### Entries shown ###
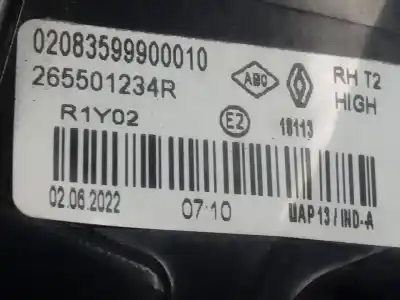 Second-hand car spare part interior rear right light for renault captur ii experience oem iam references 265501234r  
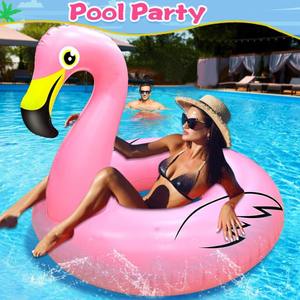 ห่วงยางเป่าลม PVC หนาพิเศษ รูปนกฟลามิงโก/หงส์ พร้อมไฟ LED พลังงานแสงอาทิตย์ สำหรับผู้ใหญ่ ใช้ลอยน้ำในสระว่ายน้ำ - Product Image 5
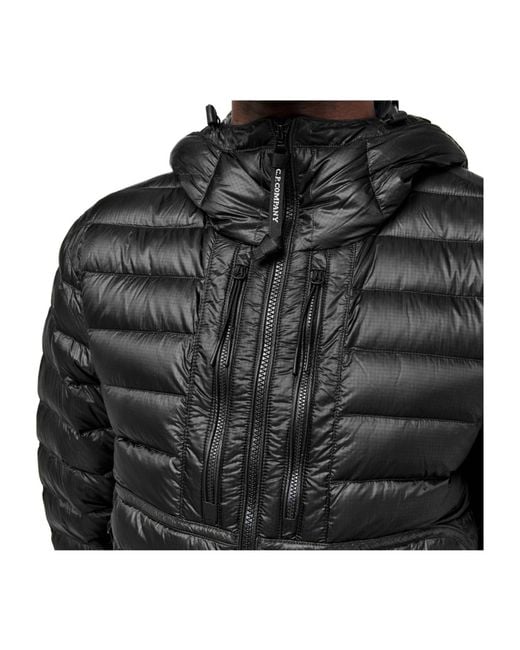 C P Company Black D.D. Shell Goggle Down Jacket for men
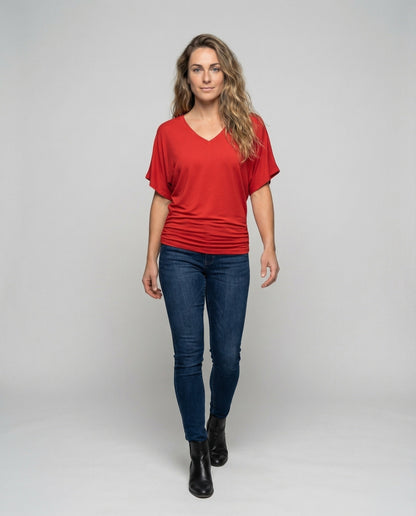 Damen V-Ausschnitt T-Shirt Leicht Baumwolle Weiß - Eveloria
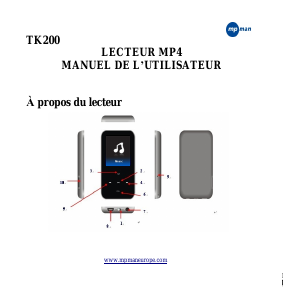 Mode d’emploi Mpman TK-200 Lecteur Mp3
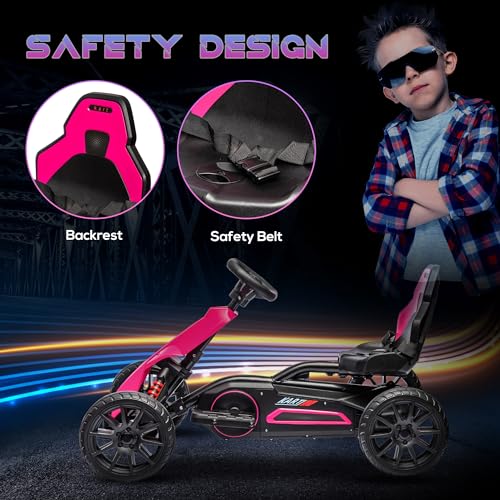 12V Electric Go Kart for Kids, Outdoor Ride-On Toy with Adjustable Speed A571780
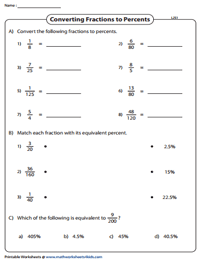 Convert between Fractions, Decimals, and Percents Worksheets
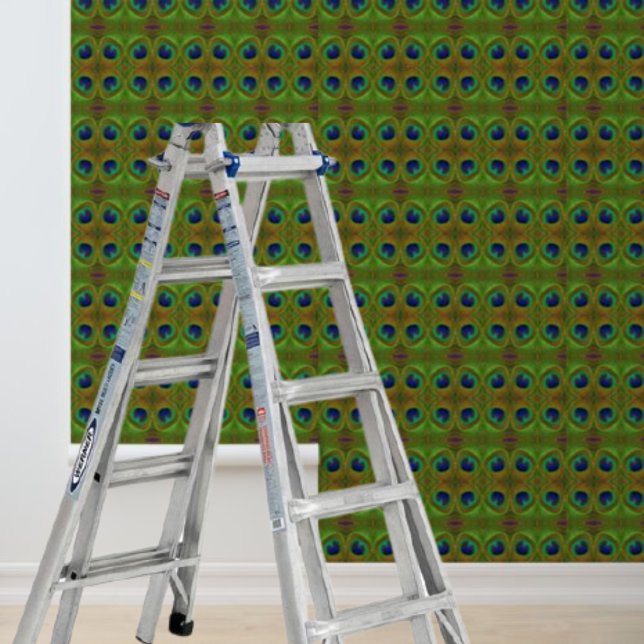 Peel et bâton papier peint bleu vert Peacock (Peel and Stick Wallpaper Blue Green Peacock Wallpaper)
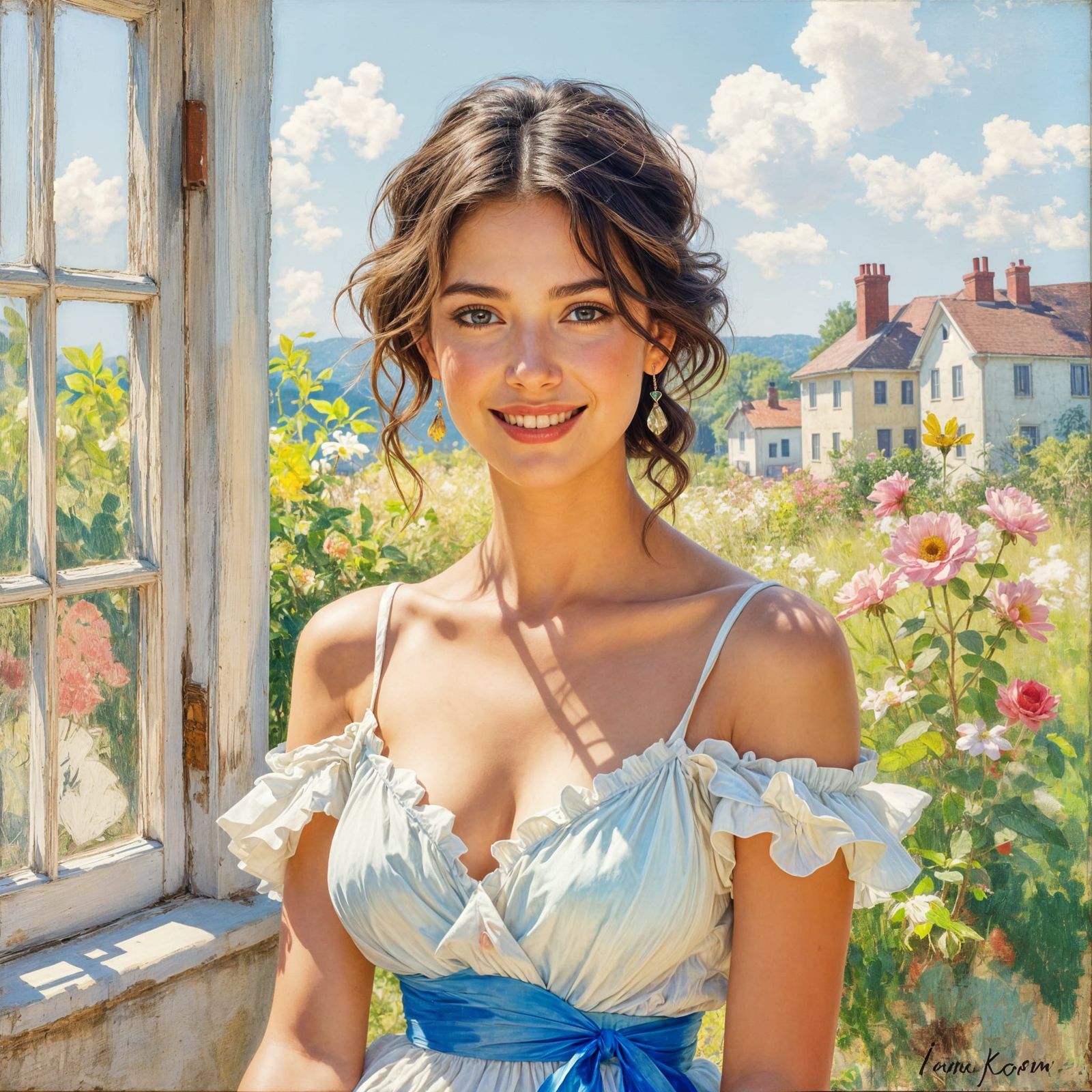 Impressionistic oil portrait of a beautiful woman  by @grl_pwr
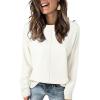 imageEVALESS Womens Sweaters Fall 2025 Casual Long Sleeve Lightweight Oversized Pullover Sweater TopsWhite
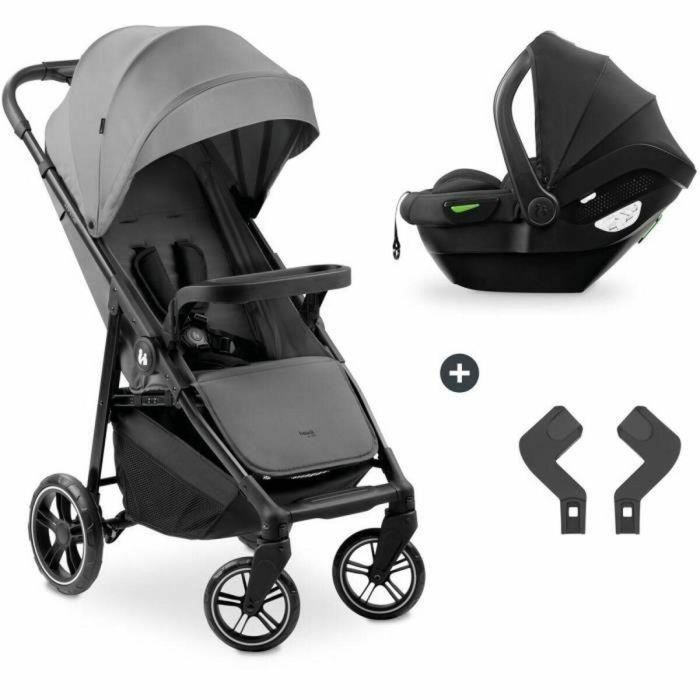 Hauck HAU1731474594460 - Set de viaje 2 en 1 Shop N Care: Cochecito, Silla de auto y Adaptadores, 4 ruedas, Gris
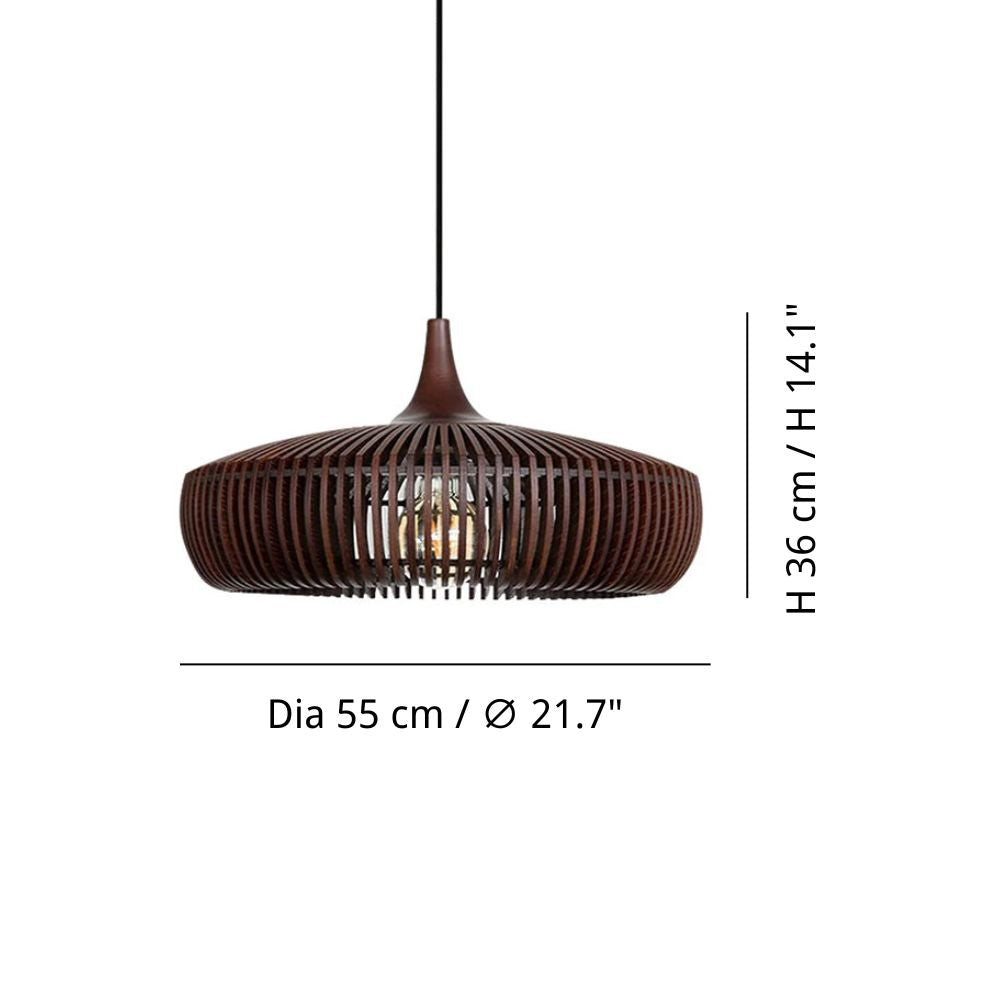 Natural Wood Pendant Light - Metal Lattice Cage Design for Living Room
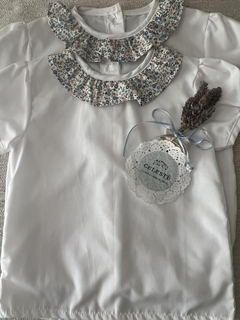 blusa de volile blanca con volado estampado - comprar online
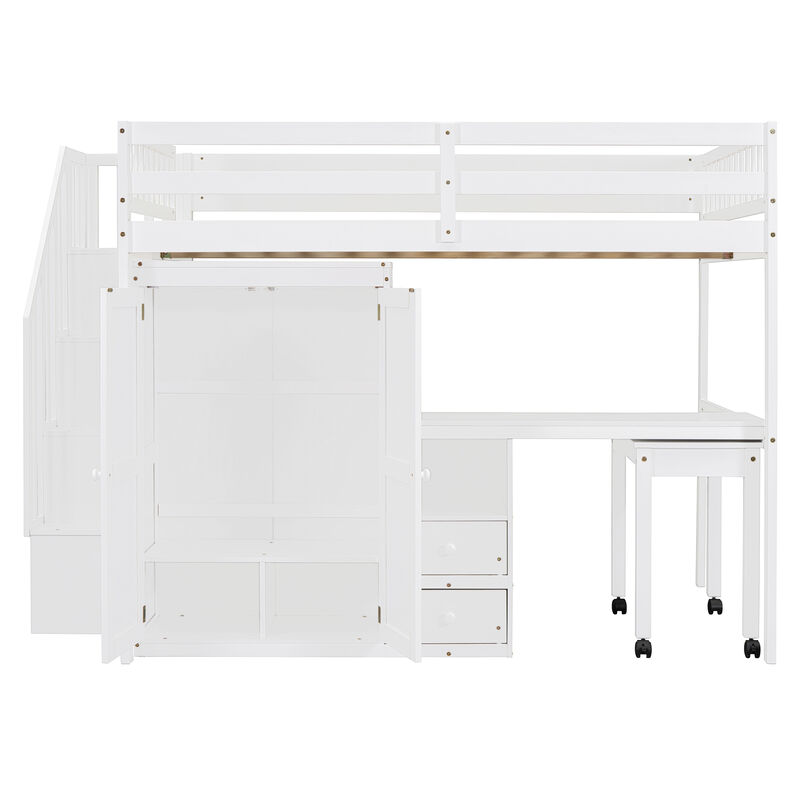 Merax Loft Bed with Desk and Wardrobe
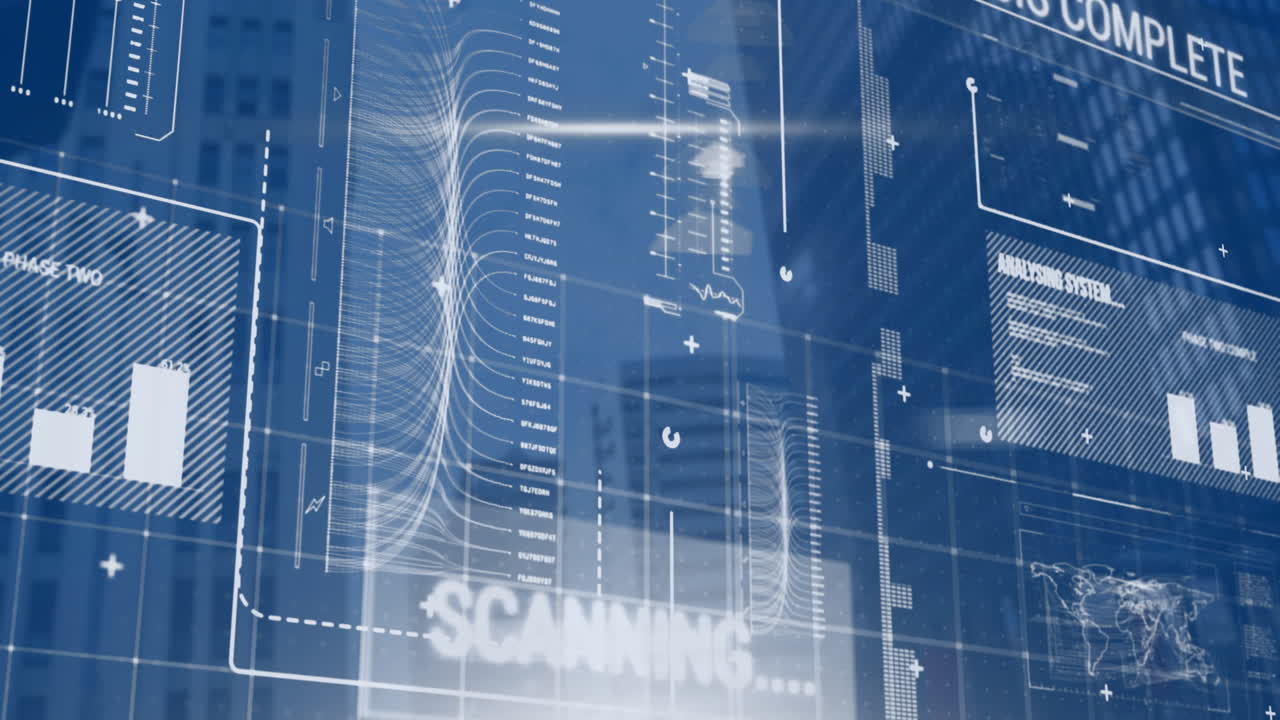 로딩 바, 지도, 그래프, 텍스트, 건물의 낮은 각도 뷰를 통해 컴퓨터 언어의 애니메이션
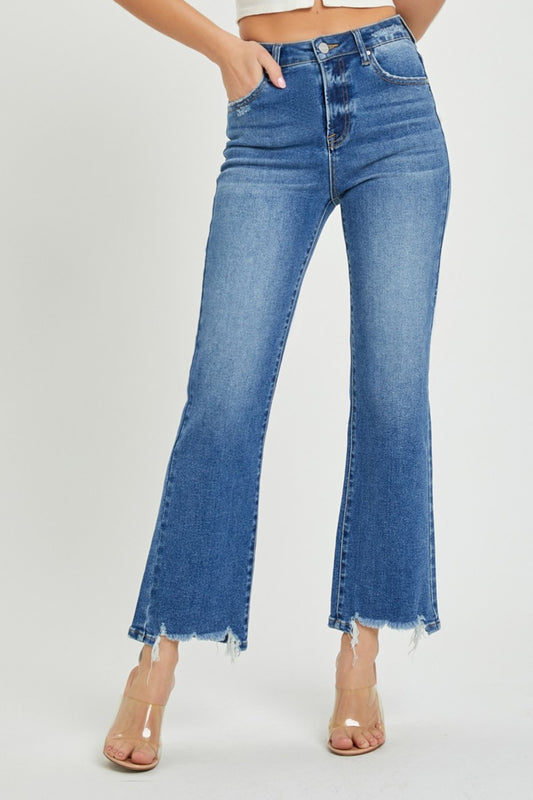 RISEN High Rise Straight Jeans  Trendsi Dark 0(24) 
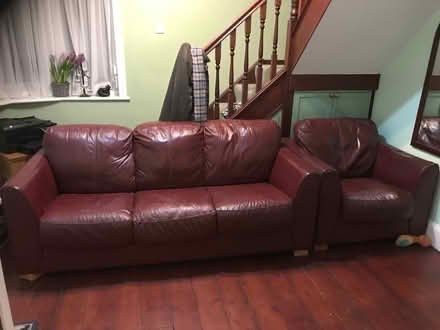 Photo of free Real leather sofa & armchair (Chatham ME1) #1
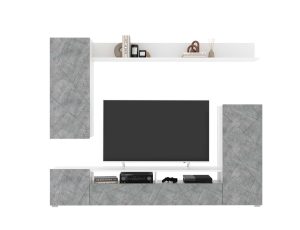 НАБОР МЕБЕЛИ ДЛЯ ГОСТИНОЙ NEO-5 (КЕРАМИКА/ БЕЛЫЙ) Ш2130 В1700 Г330 БЕЗ ПОДСВЕТКИ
###
> Work order: Please transcribe, word for word, every line from the first line of the records above through the line containing "Peel et bâton", and leave out any pictures.

> Expected answer:
 Second-hand car spare part interior rear right light for renault captur ii experience oem iam references 265501234r  
 ห่วงยางเป่าลม PVC หนาพิเศษ รูปนกฟลามิงโก/หงส์ พร้อมไฟ LED พลังงานแสงอาทิตย์ สำหรับผู้ใหญ่ ใช้ลอยน้ำในสระว่ายน้ำ - Product Image 5
 C P Company Black D.D. Shell Goggle Down Jacket for men
 Damen V-Ausschnitt T-Shirt Leicht Baumwolle Weiß - Eveloria
 Mode d’emploi Mpman TK-200 Lecteur Mp3
 12V Electric Go Kart for Kids, Outdoor Ride-On Toy with Adjustable Speed A571780
 Convert between Fractions, Decimals, and Percents Worksheets
 Peel et bâton papier peint bleu vert Peacock (Peel and Stick Wallpaper Blue Green Peacock Wallpaper)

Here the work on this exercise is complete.